A Feature Discretization Method Based on Fuzzy Rough Sets for High-resolution Remote Sensing Big Data Under Linear Spectral Model
Peer reviewed, Journal article
MetadataShow full item record
Original versionIEEE transactions on fuzzy systems. 2021, . 10.1109/TFUZZ.2021.3058020
As one of the most relevant data preprocessing techniques, discretization has played an important role in data mining, which is widely applied in industrial control.

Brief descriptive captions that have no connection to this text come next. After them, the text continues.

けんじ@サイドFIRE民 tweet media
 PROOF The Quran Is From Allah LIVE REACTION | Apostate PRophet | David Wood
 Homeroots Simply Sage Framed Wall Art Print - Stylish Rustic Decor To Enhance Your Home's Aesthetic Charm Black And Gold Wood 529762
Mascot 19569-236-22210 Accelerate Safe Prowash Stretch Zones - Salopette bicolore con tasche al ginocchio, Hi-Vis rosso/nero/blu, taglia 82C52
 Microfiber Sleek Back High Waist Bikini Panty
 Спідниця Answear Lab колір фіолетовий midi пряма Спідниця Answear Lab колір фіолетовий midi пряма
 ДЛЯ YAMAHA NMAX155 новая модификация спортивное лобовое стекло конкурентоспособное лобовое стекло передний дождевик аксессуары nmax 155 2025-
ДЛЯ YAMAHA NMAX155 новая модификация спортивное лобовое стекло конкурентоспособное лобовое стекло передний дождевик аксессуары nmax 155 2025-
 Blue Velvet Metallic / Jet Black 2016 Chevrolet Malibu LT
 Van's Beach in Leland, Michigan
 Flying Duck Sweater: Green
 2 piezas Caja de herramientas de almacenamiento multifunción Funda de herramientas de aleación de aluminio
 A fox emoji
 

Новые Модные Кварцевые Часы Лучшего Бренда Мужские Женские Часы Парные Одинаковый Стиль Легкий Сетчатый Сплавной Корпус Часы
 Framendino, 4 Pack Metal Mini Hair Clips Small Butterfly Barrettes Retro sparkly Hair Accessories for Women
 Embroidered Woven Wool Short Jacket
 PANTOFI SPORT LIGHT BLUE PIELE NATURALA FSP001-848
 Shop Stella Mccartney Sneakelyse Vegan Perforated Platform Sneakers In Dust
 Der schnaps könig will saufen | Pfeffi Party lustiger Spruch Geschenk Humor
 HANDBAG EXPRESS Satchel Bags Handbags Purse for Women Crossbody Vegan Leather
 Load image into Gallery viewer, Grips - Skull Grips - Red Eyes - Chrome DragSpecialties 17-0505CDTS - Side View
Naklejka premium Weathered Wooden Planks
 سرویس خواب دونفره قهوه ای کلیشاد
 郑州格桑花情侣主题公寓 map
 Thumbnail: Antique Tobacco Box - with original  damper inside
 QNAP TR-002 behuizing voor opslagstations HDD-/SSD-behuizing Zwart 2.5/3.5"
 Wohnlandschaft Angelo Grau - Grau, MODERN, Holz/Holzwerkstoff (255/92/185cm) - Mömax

It can transform continuous features to discrete ones, thus improving the efficiency of data processing and adapting to learning algorithms that require discrete data as inputs. However, traditional discretization methods have shortcomings, such as highly complex programs, excessive numbers of intervals obtained, and significant loss of necessary information in the preprocessing of high-resolution remote sensing big data. Moreover, the large number of mixed pixels in the image is a primary reason for the uncertainty of remote sensing information systems, and current discretization methods are based on the assumption that one pixel only corresponds to the spectral information of a single object, without considering the influence of the uncertainty caused by a mixed spectrum, which causes the classification accuracy to drop after discretization. We propose a discretization method for high-resolution remote sensing big data. We determine the membership degree of each pixel in training samples through linear decomposition, and establish the individual fitness function based on a fuzzy rough model. An adaptive genetic algorithm selects discrete breakpoints, and a MapReduce framework calculates the individual fitness of the population in parallel, to obtain the optimal discretization scheme in the minimum time. Our method is compared to the best state-of-the-art discretization algorithms on the authentic remote sensing datasets. Experiments verified the effectiveness of the proposed method, which provides strong support for the subsequent processing of images.